Web page caption snippets:
=== Section Start ===

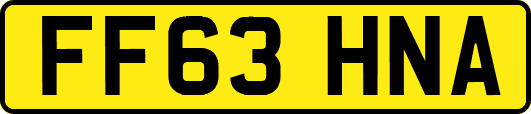 FF63HNA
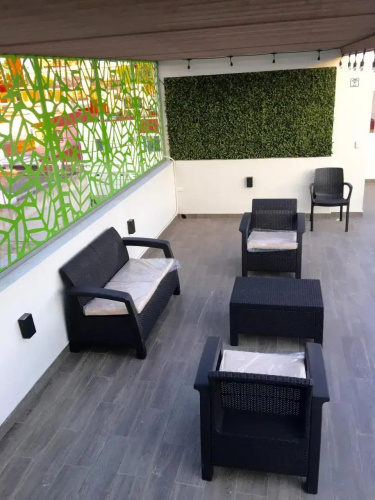 Herbal Inn Suites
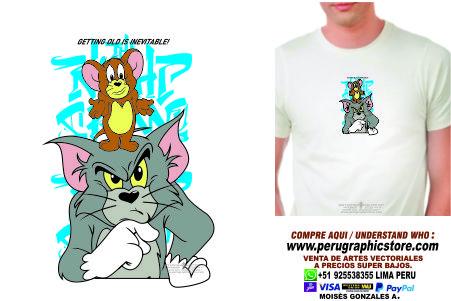 tom y jerry 33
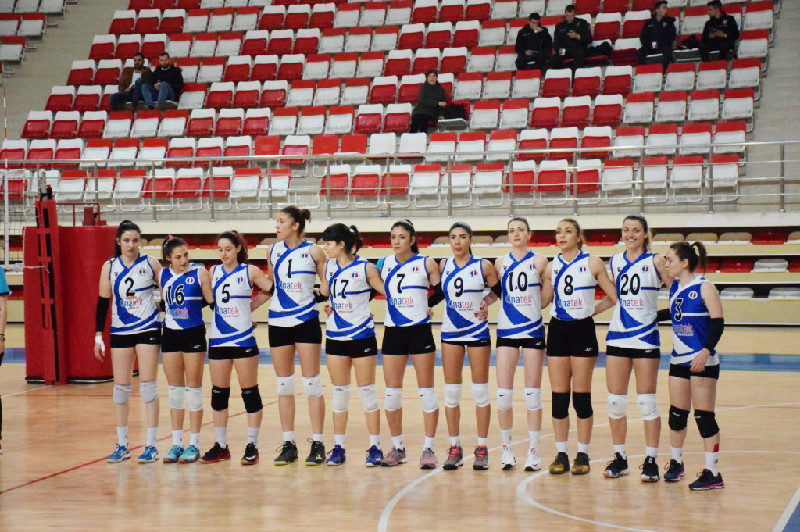 İZMİR HAZIRLIĞI VAR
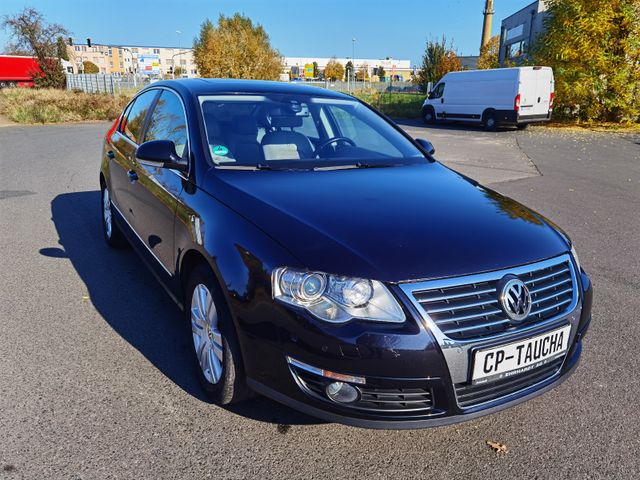 Volkswagen Passat Lim. Highline, XENON, LEDER, TÜV 05/2026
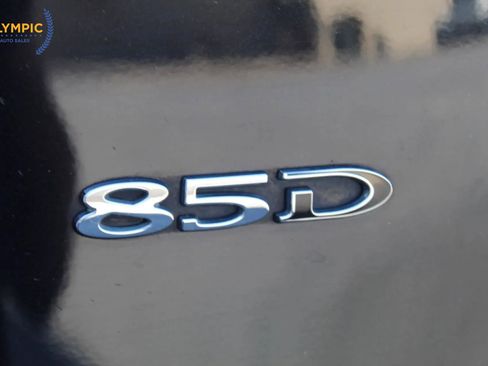 Used 2015 Tesla Model S 85D image 35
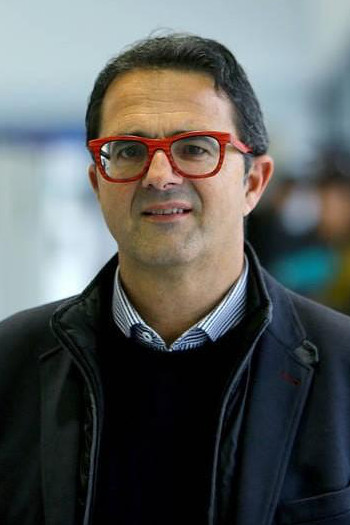 Juan Carrión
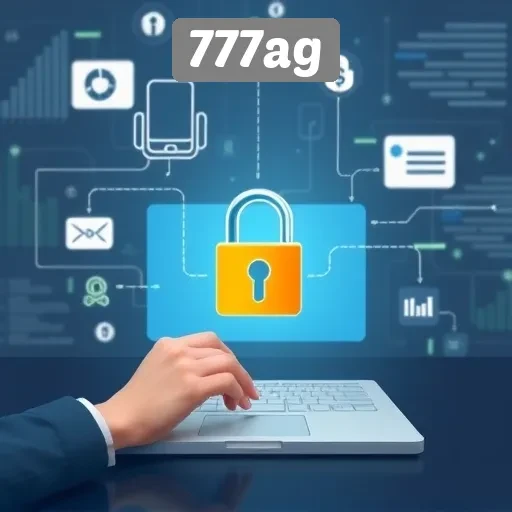 Tinjauan Fitur Keamanan di Situs 777ag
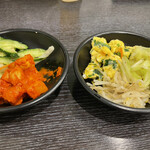 Korea Fusion Food ヘラン -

=== Section End ===

- **PROBLEM TO WORK ON**
Print each entry exactly, leaving pictures out.

- **SOLUTION FOR THIS EXERCISE**
 FF63HNA
 Herbal Inn Suites
 tom y jerry 33
 İZMİR HAZIRLIĞI VAR
 Volkswagen Passat Lim. Highline, XENON, LEDER, TÜV 05/2026
 Used 2015 Tesla Model S 85D image 35
 Juan Carrión
 Tinjauan Fitur Keamanan di Situs 777ag
 Korea Fusion Food ヘラン -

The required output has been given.